Stored data entries
● ● ● ● ● ● ●
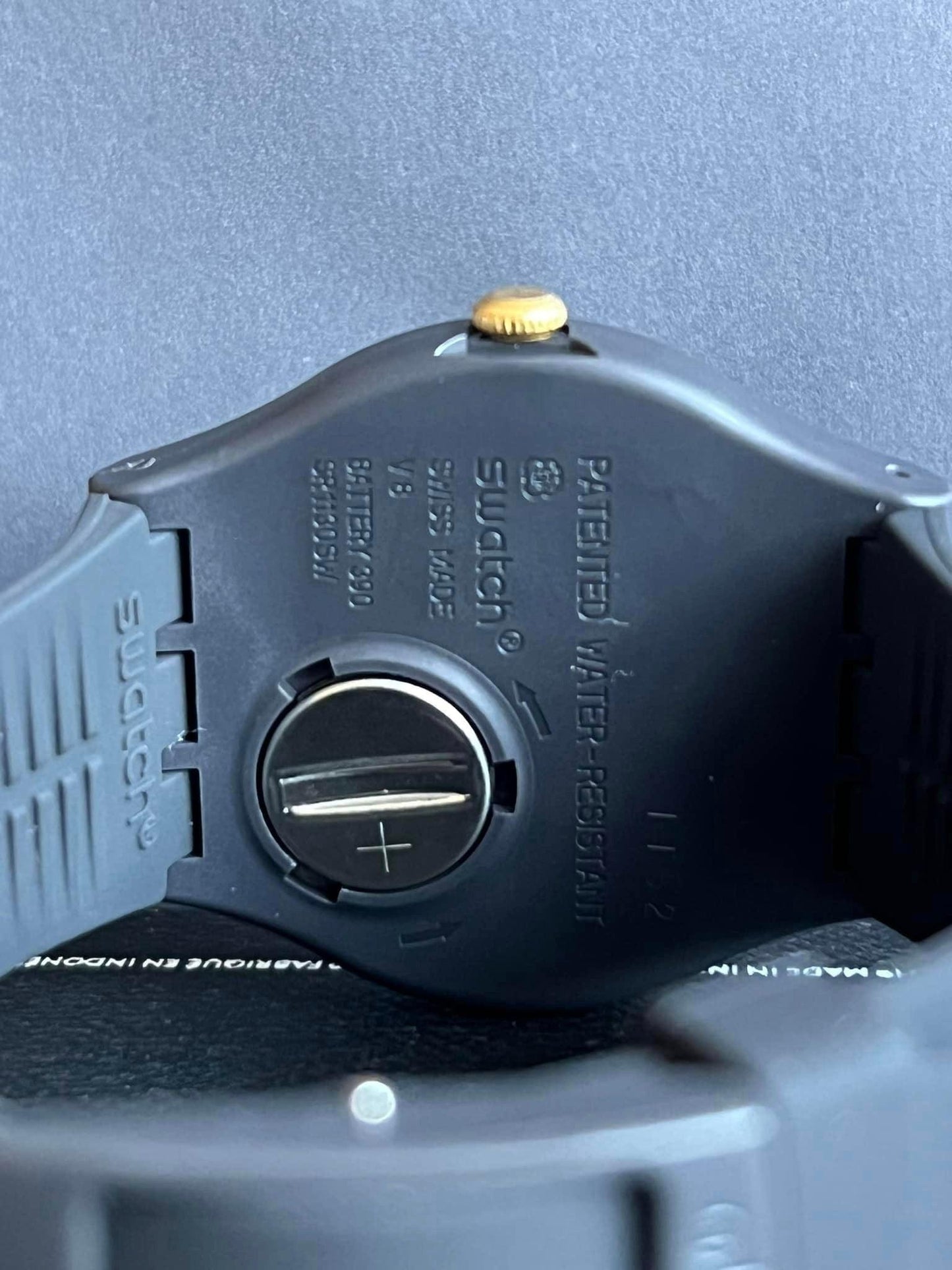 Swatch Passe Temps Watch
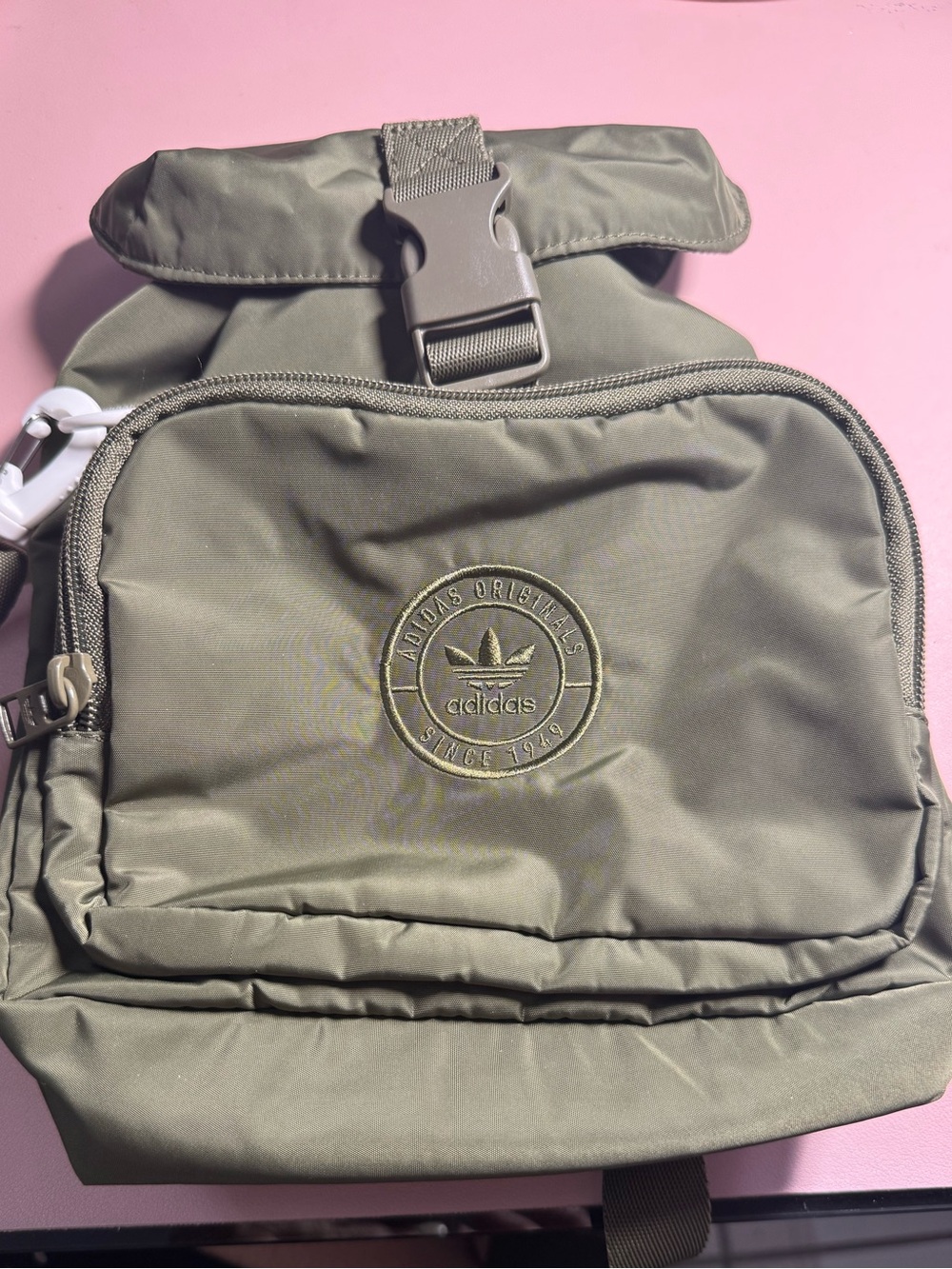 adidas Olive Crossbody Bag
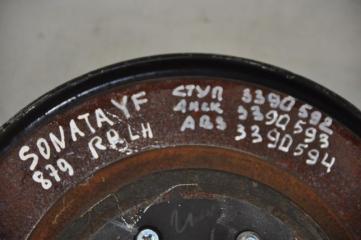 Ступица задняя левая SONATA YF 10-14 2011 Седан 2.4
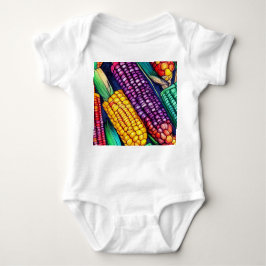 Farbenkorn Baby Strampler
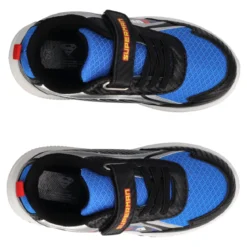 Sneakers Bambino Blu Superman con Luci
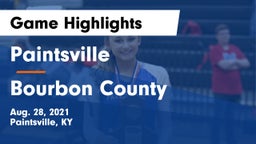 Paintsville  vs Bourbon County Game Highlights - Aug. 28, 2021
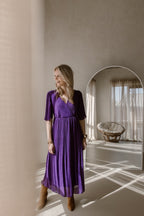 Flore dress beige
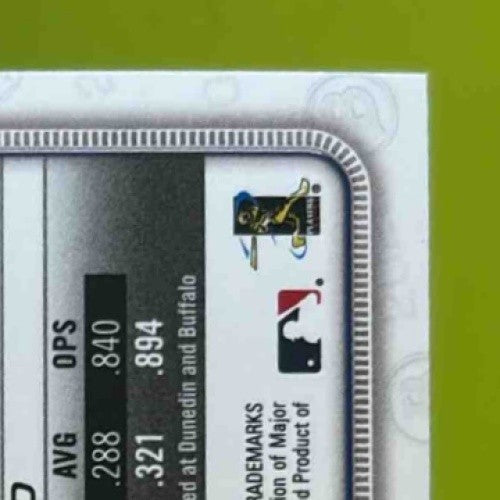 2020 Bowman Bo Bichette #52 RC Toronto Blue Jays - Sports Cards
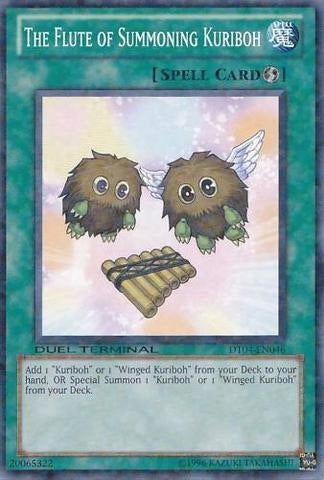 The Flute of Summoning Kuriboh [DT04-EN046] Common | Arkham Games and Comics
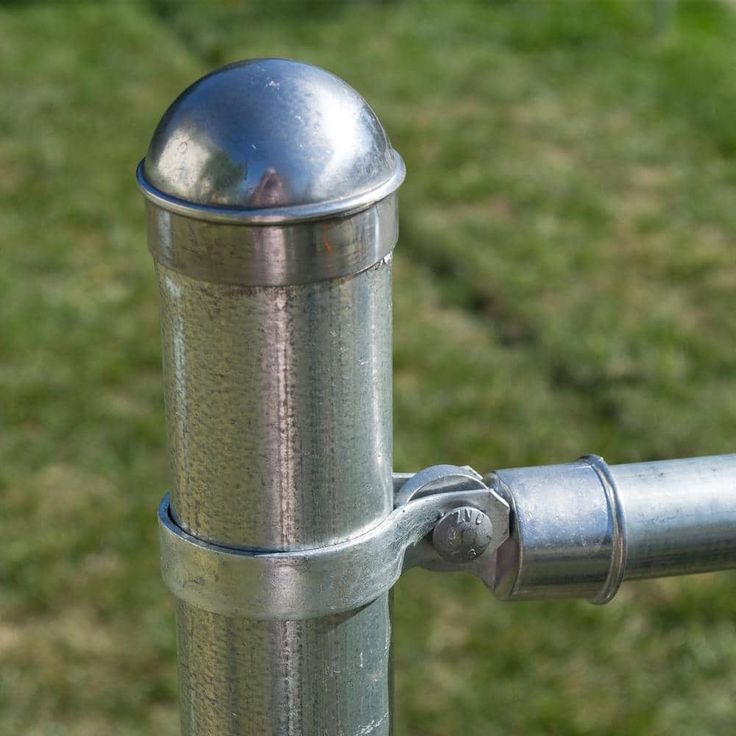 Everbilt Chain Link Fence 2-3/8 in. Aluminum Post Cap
● ● ● ● ● ● ●
§ Exercise description:
Exactly as they stand, retype all the entries, but omit the pictures.

§ Answer space:
 Swatch Passe Temps Watch
 adidas Olive Crossbody Bag
 Ступица задняя левая SONATA YF 10-14 2011 Седан 2.4
 Farbenkorn Baby Strampler
 Sneakers Bambino Blu Superman con Luci
 Paintsville  vs Bourbon County Game Highlights - Aug. 28, 2021
 Flore dress beige
 2020 Bowman Bo Bichette #52 RC Toronto Blue Jays - Sports Cards
 The Flute of Summoning Kuriboh [DT04-EN046] Common | Arkham Games and Comics
 Everbilt Chain Link Fence 2-3/8 in. Aluminum Post Cap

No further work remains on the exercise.